◆ WORK TO BE COMPLETED ◆
The records that follow must be reproduced in full, with every picture excluded.

◆ DATASET ◆

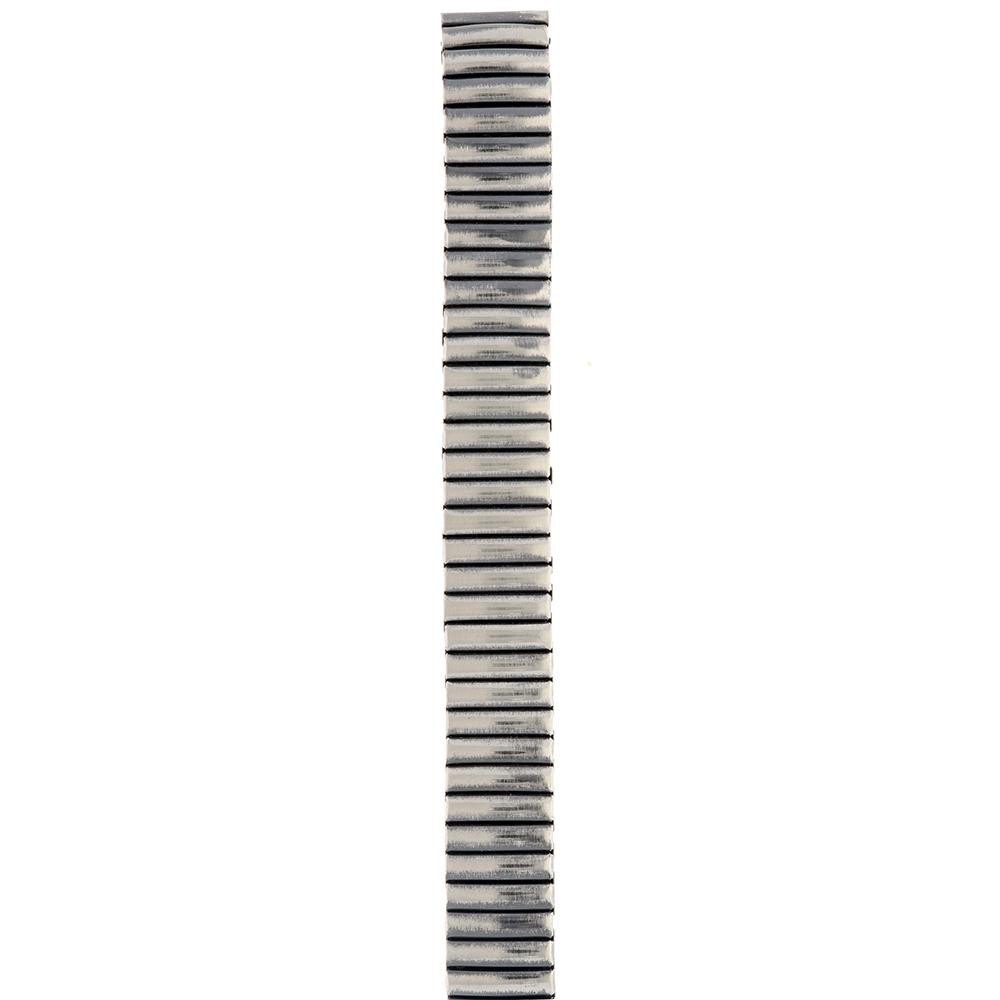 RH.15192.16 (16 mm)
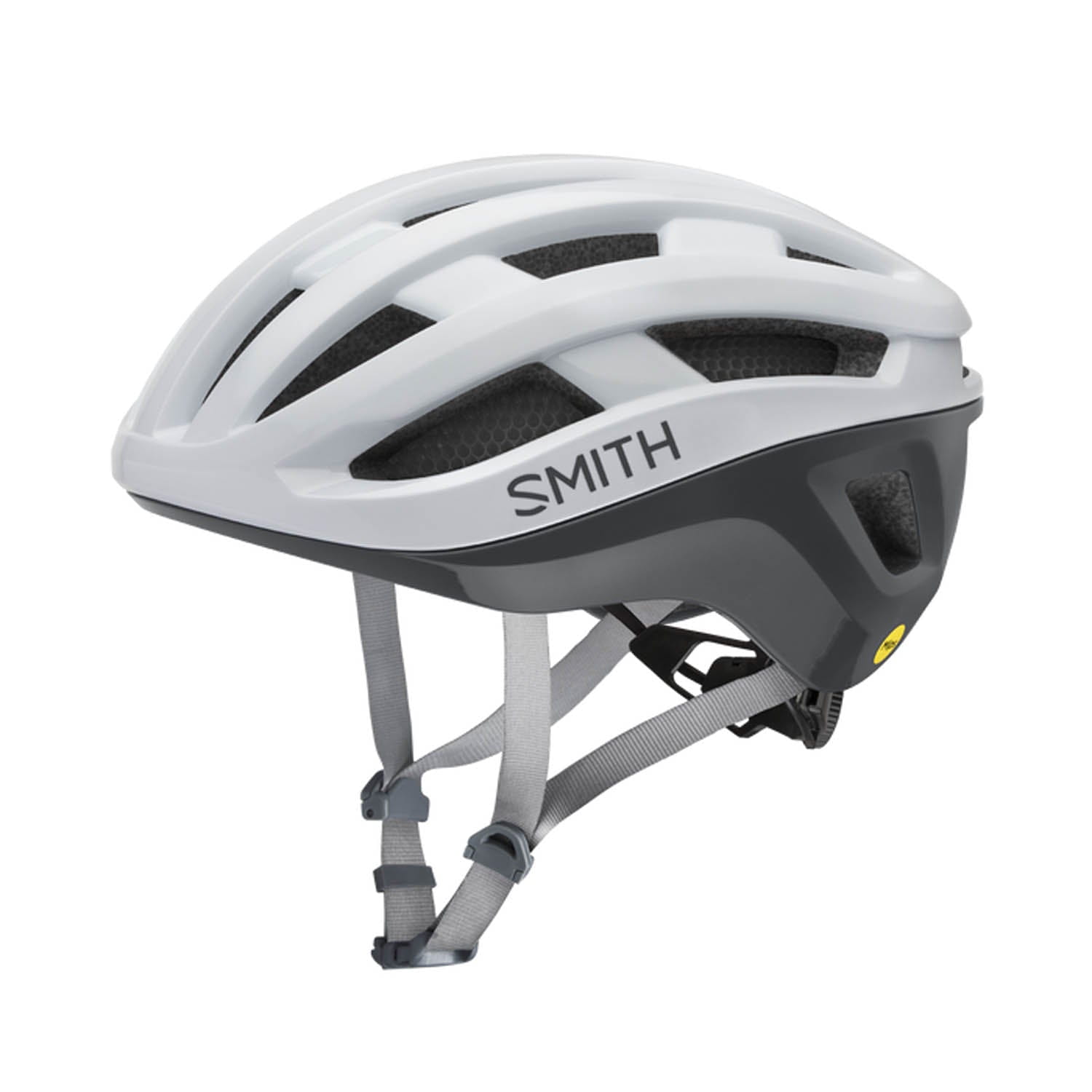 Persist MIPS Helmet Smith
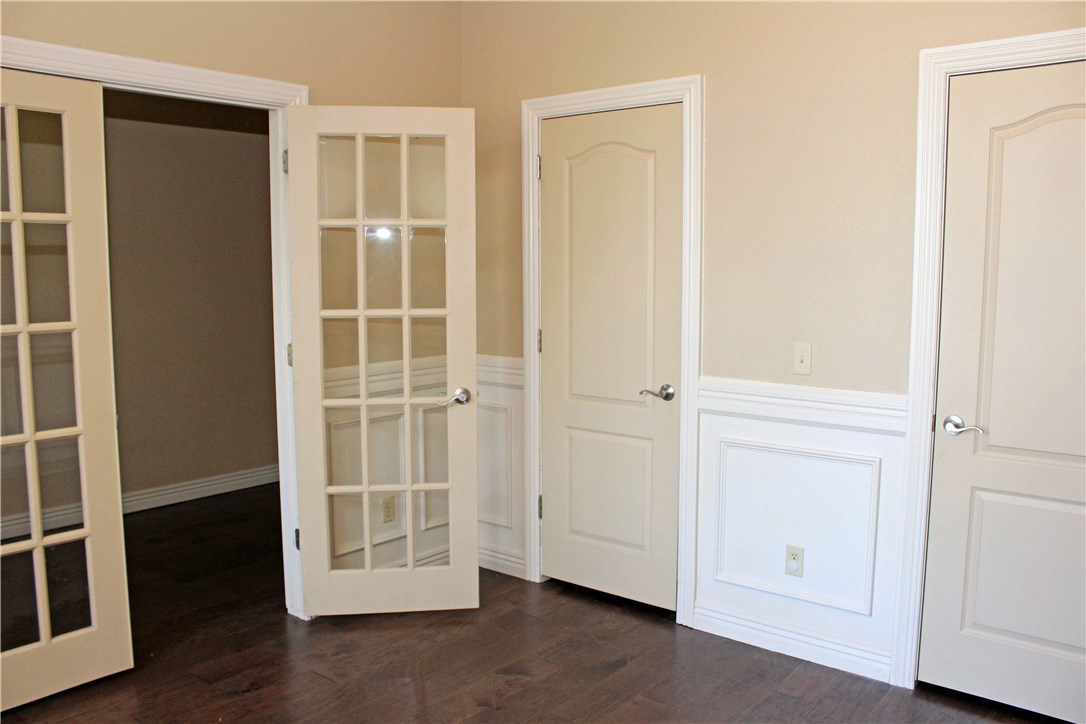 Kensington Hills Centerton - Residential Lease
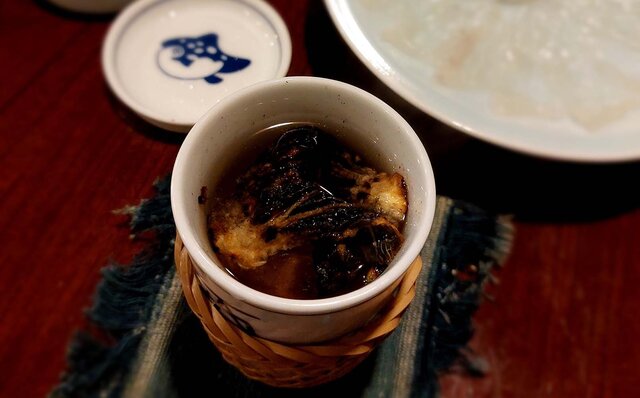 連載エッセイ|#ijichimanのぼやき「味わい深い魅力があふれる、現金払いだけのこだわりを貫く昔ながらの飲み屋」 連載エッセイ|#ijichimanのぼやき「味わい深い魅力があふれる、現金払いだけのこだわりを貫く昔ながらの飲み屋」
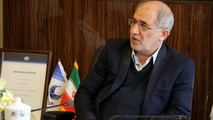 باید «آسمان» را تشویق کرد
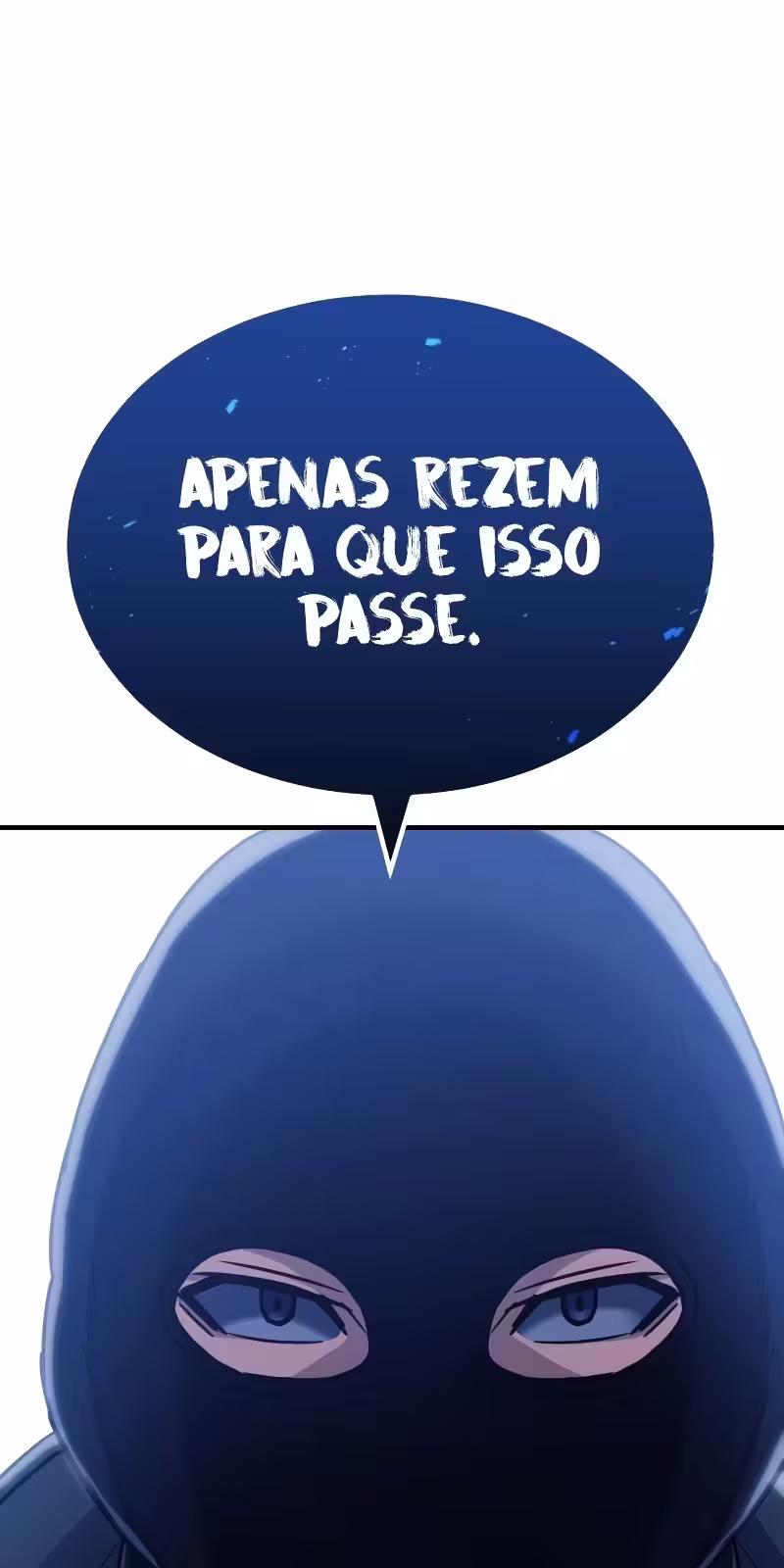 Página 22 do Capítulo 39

◆ RESULT ◆
 RH.15192.16 (16 mm)
 Persist MIPS Helmet Smith
 Kensington Hills Centerton - Residential Lease
 連載エッセイ|#ijichimanのぼやき「味わい深い魅力があふれる、現金払いだけのこだわりを貫く昔ながらの飲み屋」 連載エッセイ|#ijichimanのぼやき「味わい深い魅力があふれる、現金払いだけのこだわりを貫く昔ながらの飲み屋」
 باید «آسمان» را تشویق کرد
 Página 22 do Capítulo 39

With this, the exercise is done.